El objetivo de esa institución, surgida en 1927, es promover nacional e internacionalmente la producción del grano y mejorar el nivel de vida de los cafeteros, quienes afrontan en la actualidad la mayor crisis de su historia, asociada a un nivel de pobreza extrema, argumentan.

Cárdenas integra una comitiva de cuatro titulares del gabinete presidencial, a quienes el mandatario Juan Manuel Santos envío la víspera a recorrer los departamentos donde las protestas son más candentes: Cauca, Huila, Caquetá Nariño y Antioquia.

Los tres restantes son el ministro del Interior, Federico Renjifo; el de Defensa, Juan Carlos Pinzón, y el del Trabajo, Rafael Pardo.

La misión encomendada fue dialogar con los huelguistas y convencerlos de que acepten los subsidios anunciados el fin de semana último por el Gobierno y levanten el paro, lo cual fue rechazado por los manifestantes quienes decidieron continuar sus protestas e incluso avanzar con estas en marcha pacífica hacia Bogota.

La propuesta de las autoridades estatales contemplan un incremento de

60 mil pesos colombianos a 115 mil (de 33 a 63 dólares) por carga de 125 kilos del grano para aquellos productores dueños de menos de 20 hectáreas de tierra, y de 95 mil pesos (52 dólares) para quienes posean más de 20 hectáreas.

Uno de los líderes del paro, Luis Gonzaga, declaró a medios de prensa: Si los ministros tuvieran la oportunidad de visitar cuatro o cinco de nuestras casas se enterarían de las condiciones infrahumanas en las que estamos viviendo hoy las familias cafeteras.

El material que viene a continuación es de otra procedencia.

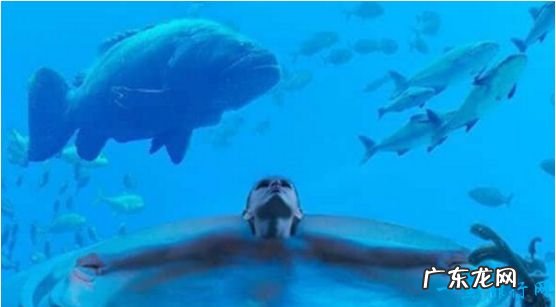 世界上最豪华的酒店,迪拜海底酒店普通单间一晚3万元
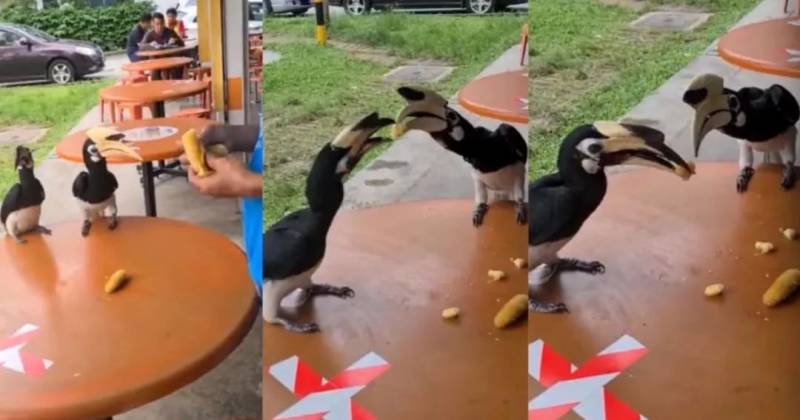 新加坡鳄魚上岸堵路,張開大嘴!海豚犀鳥也都來了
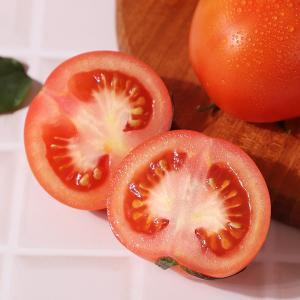 [농협청과33번] 토마토 3kg 5번 (쥬스용)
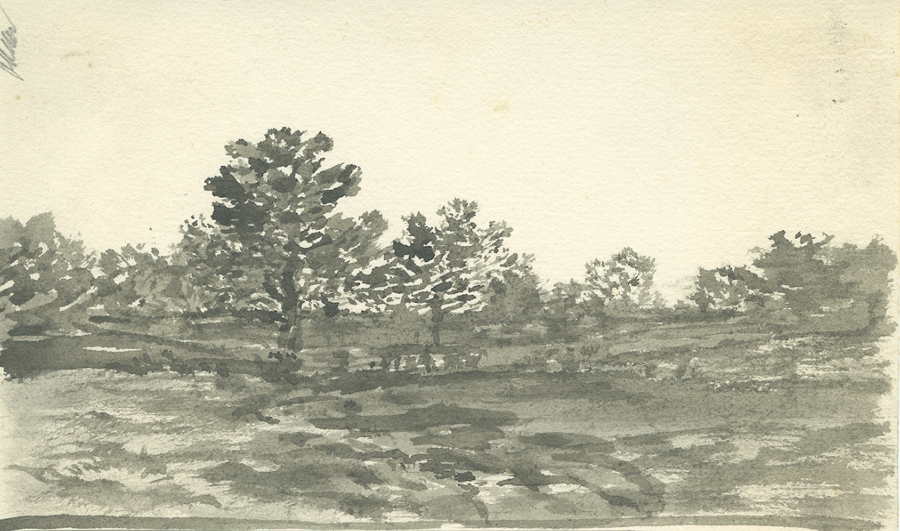 1930_3_135_10R.jpg
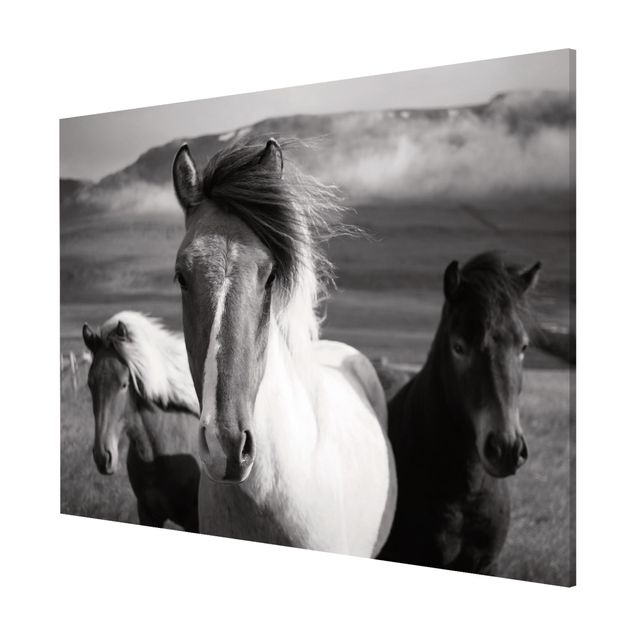Obrazy nowoczesne Czarne i białe dzikie konie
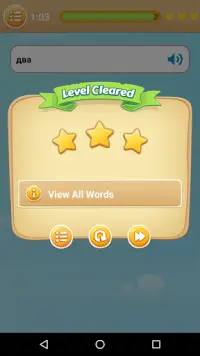 Jogo russo: jogo de palavras, jogo de vocabulário Screen Shot 2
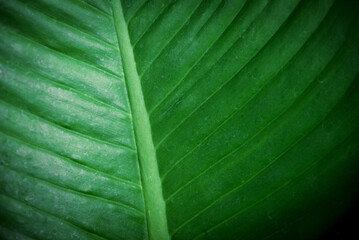 Wall Mural - abstract green leaves texture, nature background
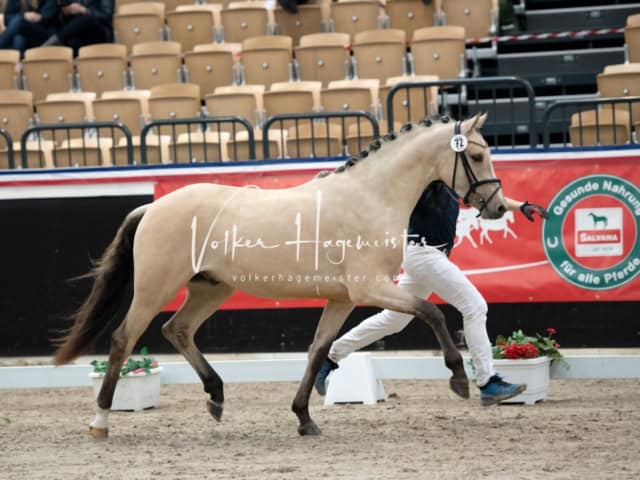 PSB Körung unsortiert 18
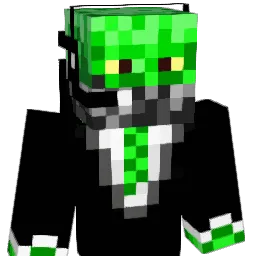 Salty_xD Minecraft avatar bust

Mientras Cardenas,el jefe de de las finanzas públicas, sostiene que «una cosa es el Apoyo al Ingreso del Caficultor (AIC), que es un complemento, y otra el precio de sustentación» (que les permitiría a los cafeteros afrontar el costo de producción y obtener un aumento del 30 por ciento).

En su opinión, el precio de sustentación representa la tranquilidad absoluta absoluta para los caficultores, pero le costaría al Gobierno unos tres billones de pesos (unos dos millones de dólares) ademas de que otros sectores pedirían lo mismo. Mi misión, reiteró, «es cuidar la chequera del Gobierno».